44 and ready to retire

wasatchskiier

Confused about dryer sheets
Joined
Aug 20, 2018
Messages
3
Good afternoon,

I realize everyone is different, but is there a general rule of thumb that can assist me on letting me know if I am financially able to retire?

I little about me... I'm 44 years old, I've done well (financially) over the last 20 years; divorced; one child (college, etc. is taken care of); healthy. I have about $2.1 MM in stocks, cash, etc. Own my own home and car and am debt free. I don't need much to live on (maybe $75k a year:confused:) and my only real luxury in life is my ski habit (although I live in the southeast). I also stand to inherit quite a bit probably 15 to 20 years from now... but I would like that to go to my son.

I hope it isn't inappropriate to give that kind of detail, but I thought it was necessary... I'm looking for some encouragement that I can stop working and start enjoying life more.

Thank you in advance!
 
Withdrawing 4% of $2.1M is $84k per year. So in theory you could quit today and be OK, but the 4% guideline is designed for people older than 44. Some people have no problem taking more risk than that, but I think the majority on this site would take a more conservative approach, and would tell you that you're close, but should probably have some more money first.
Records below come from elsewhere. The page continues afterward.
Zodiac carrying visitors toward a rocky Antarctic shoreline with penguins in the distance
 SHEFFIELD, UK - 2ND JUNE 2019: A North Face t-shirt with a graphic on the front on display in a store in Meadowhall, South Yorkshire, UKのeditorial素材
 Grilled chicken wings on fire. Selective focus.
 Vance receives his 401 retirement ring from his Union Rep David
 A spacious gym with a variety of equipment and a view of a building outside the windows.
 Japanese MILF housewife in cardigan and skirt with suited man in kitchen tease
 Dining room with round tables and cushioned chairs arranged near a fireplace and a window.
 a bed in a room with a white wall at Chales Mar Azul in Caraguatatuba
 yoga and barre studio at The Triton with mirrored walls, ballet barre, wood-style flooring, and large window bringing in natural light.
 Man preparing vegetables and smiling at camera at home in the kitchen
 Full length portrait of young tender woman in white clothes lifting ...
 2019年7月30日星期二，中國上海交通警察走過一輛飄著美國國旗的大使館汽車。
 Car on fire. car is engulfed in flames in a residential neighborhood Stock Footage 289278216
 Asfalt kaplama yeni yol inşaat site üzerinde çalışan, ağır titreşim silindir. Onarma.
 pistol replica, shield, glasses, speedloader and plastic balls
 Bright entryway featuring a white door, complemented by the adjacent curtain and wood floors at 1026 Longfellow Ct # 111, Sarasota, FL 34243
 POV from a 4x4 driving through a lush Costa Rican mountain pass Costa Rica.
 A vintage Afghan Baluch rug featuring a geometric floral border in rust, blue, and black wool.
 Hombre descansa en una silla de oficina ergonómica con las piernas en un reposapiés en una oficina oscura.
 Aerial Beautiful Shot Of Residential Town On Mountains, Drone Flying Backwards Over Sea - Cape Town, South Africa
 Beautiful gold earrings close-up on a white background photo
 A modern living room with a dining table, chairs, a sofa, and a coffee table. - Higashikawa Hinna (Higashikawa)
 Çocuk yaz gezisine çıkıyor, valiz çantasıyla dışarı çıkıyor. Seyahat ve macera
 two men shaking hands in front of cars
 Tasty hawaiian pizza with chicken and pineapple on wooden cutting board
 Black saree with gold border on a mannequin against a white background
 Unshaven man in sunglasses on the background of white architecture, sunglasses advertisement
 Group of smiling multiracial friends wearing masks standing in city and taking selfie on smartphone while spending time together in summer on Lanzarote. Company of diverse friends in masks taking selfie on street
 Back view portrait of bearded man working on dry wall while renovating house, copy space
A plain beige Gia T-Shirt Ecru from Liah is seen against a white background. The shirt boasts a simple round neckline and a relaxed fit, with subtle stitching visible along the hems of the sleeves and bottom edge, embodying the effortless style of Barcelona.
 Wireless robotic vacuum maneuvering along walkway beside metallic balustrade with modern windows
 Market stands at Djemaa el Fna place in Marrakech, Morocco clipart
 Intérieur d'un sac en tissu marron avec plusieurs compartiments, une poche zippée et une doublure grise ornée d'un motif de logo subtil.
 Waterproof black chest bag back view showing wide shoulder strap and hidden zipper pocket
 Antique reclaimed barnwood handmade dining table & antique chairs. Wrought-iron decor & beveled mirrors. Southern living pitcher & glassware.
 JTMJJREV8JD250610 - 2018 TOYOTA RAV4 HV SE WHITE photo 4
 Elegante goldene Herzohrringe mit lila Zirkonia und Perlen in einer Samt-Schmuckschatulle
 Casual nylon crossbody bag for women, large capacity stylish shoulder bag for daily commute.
Try this and see what it tells you: https://firecalc.com/
 
Since you're young, and on the apparently edge (of achieving 100% success rate in FIRECALC), I'd consider keeping increasing the portfolio for about the next 2 to 4 years. Work on tracking expenses. Figure out how much health insurance will cost you. Figure out what it is you want to do in retirement, and if your ~$80K is enough for that.

I could have easily lived off of $75-80K, but I married and wanted to double the travel budget. Then my wife said she wanted a house (I had planned for a condo). So I kept it up, and now, and now the budget in RE is $110-120K. I would not want to FIRE and not have enough $ to be able to afford to do the stuff that gives me sastifaction!
 
OP, Health insurance could cost quite a bit. If your $75k budget includes HI and taxes, then you look good to FIRE
 
Good afternoon,

I don't need much to live on (maybe $75k a year:confused:) and my only real luxury in life is my ski habit (although I live in the southeast). I also stand to inherit quite a bit probably 15 to 20 years from now... but I would like that to go to my son.

Welcome.

I may be reading between the lines, but it doesn't sound like you, by your own admission, have a good idea of how much you are spending. Another poster mentioned health care costs, too.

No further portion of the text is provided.